断章288

 「知識階級は、彼らの高い文化こそが人類の最大の業績と最も深遠な古来の知恵、そして最も進んだ近代科学の知識を代表していると信じている。また、これらが人類の福祉と健康に役立ち、それゆえに彼らはこれに応じてより大きな報酬を与えられてしかるべきである、と信じている。知識階級は、世界は優れた能力、知恵を所有するものによって、つまり彼ら自身によって統治されるべきであると信じている。プラトニック・コンプレックス、すなわち、それによって西洋哲学が始まった、哲学者を王に、という夢は、知識階級の最も深層の願望を充足するファンタジーである」(A・W・グールドナー)。

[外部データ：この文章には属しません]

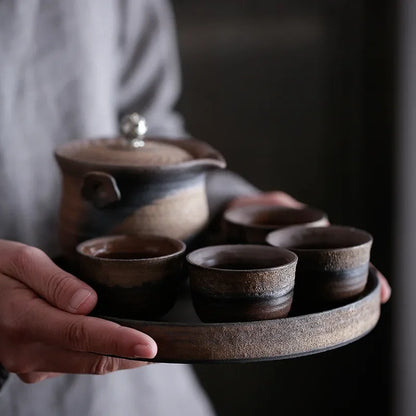 Japanese Crude Tao Yi Pot Four Cups of Tea Set Ceramic Kung Fu Tea Teaware Ceramic Tea Set Ceramic Tea Set Travel Tea Set TeaSet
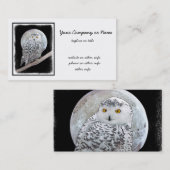 Snowy Owl and Moon Painting - Original Bird Art Visitenkarte (Vorne/Hinten)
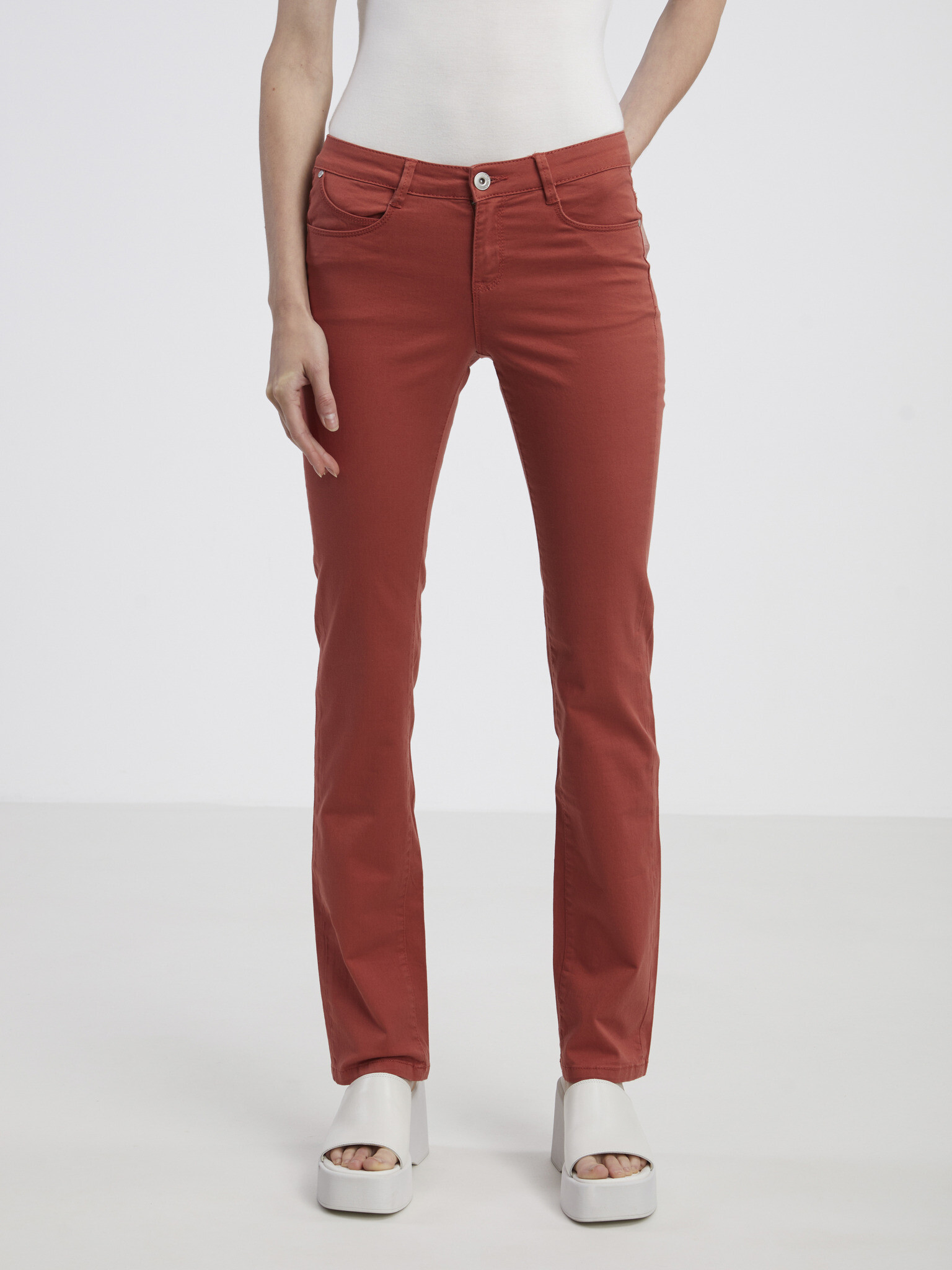 CAMAIEU Trousers Orange - Pepit.gr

 だが彼らのうちのある者は、周囲を見渡し次のことに気づく。彼らは彼らの上に立つ政財官のエリートは、「結局ただ金だけが目的であり、無教養で、無能である」こと。「超富裕層の巨万の富と下層民の食うや食わずの生活の断絶」に。そして、「生産手段の社会化」を唱える共産主義マルクス主義)に惹かれていく。左翼インテリが誕生する。

 

 旧・ソ連憲法は、「ソ連における生産手段はソビエト市民によって公的に所有される」と定めていた。しかし、そのことは、本当はいったい誰がソ連邦を現実に支配(指揮命令・管理統制)し、誰がそこから私的な利益を得ていたかを隠す“空文句”だったことを、今では誰でも知っている。

 全体主義共産党官僚 ―― ノーメンクラトゥーラ、すなわち共産党単独支配国家におけるエリート層・支配階級や、それを構成する人々 ―― が支配し、彼らだけが“ご馳走”を食べていたのである。

 

 日本の人文系知識人のうちに多くいる、日本共産党に同伴する知識人たち(左翼インテリ)。

 空虚でネガティブな「社会批評」やマルクス主義の「解説本」を書くことしか能のない彼ら(左翼インテリ)は、もしも共産党が権力を握れば、旧・ソ連邦の“御用知識人”のように大切にされ厚遇されるだろうと期待している。

 だから、日本のガラパゴス化した左翼インテリたちが、「共産党とは、優しい声で人をたぶらかして家に上がりこみ、人を取って食う『赤頭巾をかぶったオオカミ』である」ことを認める日は、永遠に来ない。

 

 同伴知識人は、共産党が「自由」とりわけ「言論・表現の自由」に反対する全体主義政党であるということを、保守のデマだと主張する。

 しかし、同伴知識人は、共産党に参加すれば、「民主集中制」に伴う厳しい「規律」(制限)があることを知っている。

 だから、同伴知識人は共産党と全く同じことを主張しつつも共産党には参加せず、市民社会の「言論・表現の自由」を利用してネガティブな「社会批評」を垂れ流し、“自由”に稼ぐという選択をしているのである。

 共産党(幹部)は、現実の党活動に携(たずさ)わる者として、党活動に対する責任と義務を担(にな)わない同伴知識人を内心では軽蔑しつつも、同伴知識人が醸成する「反政府的空気」を利用するために、同伴知識人の“自由”を許容している。持ちつ持たれつなのである。